Forget Y2K. Forget millennial doomsday warnings. Get ready for workers’ comp sticker shock.

California Insurance Commissioner Chuck Quackenbush recently issued a “rate increase advisory” warning businesses that workers’ compensation costs are likely to soar as much as 18.4 percent in the coming months.

The announcement confirms the dreaded recommendation of the nonpartisan Workers Compensation Insurance Rating Bureau. Earlier this year the bureau asked the state Department of Insurance for the hike in the premium advisory rate, the state benchmark used by insurance firms for setting their own rates.

If the advisory rate hike is fully implemented , as it is expected to be , the increase would cost California businesses as much as $1.3 billion in additional workers’ comp premiums.

The bureau said the increase was necessary because insurers’ costs have escalated $1 billion a year since 1995, chewing up their profits.
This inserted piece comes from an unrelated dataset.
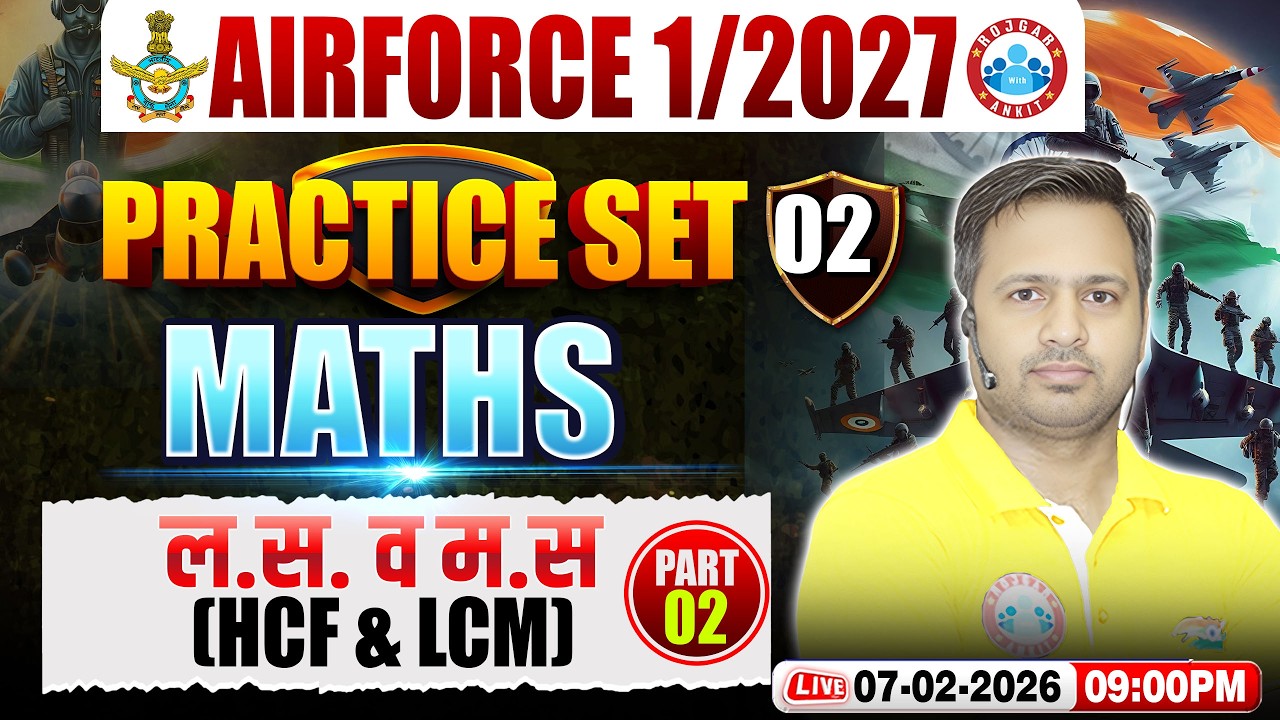 Airforce Maths Y Group Classes | Airforce Maths Practice Set | HCF LCM | Maths For Airforce 1 2027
However, most of those cost increases were due to overhead costs like commissions, brokerage fees, claims administration and general office expenses.

Fortunately legislation passed by both state houses that would have raised workers’ comp rates an additional 27 percent was vetoed by the governor. But the stage is set for another version of this trial attorney-backed bill to be pushed through the Legislature next year.

All this rate hike talk is occurring at a time when the Western Insurance Information Service reports that workplace injuries in California have declined to an all-time low.

California Chamber of Commerce President Allan Zaremberg warned that Quakenbush’s rate advisory and the probability of new legislation next year would be a “double hit” on employers that “cannot be absorbed without consequence to employers, workers and the economy.”

Lawmakers in Sacramento need to be reminded that skyrocketing workers’ comp rates was one of the factors leading to the exodus of businesses from California earlier this decade. Let’s not open the floodgates again by making the same mistakes we did before.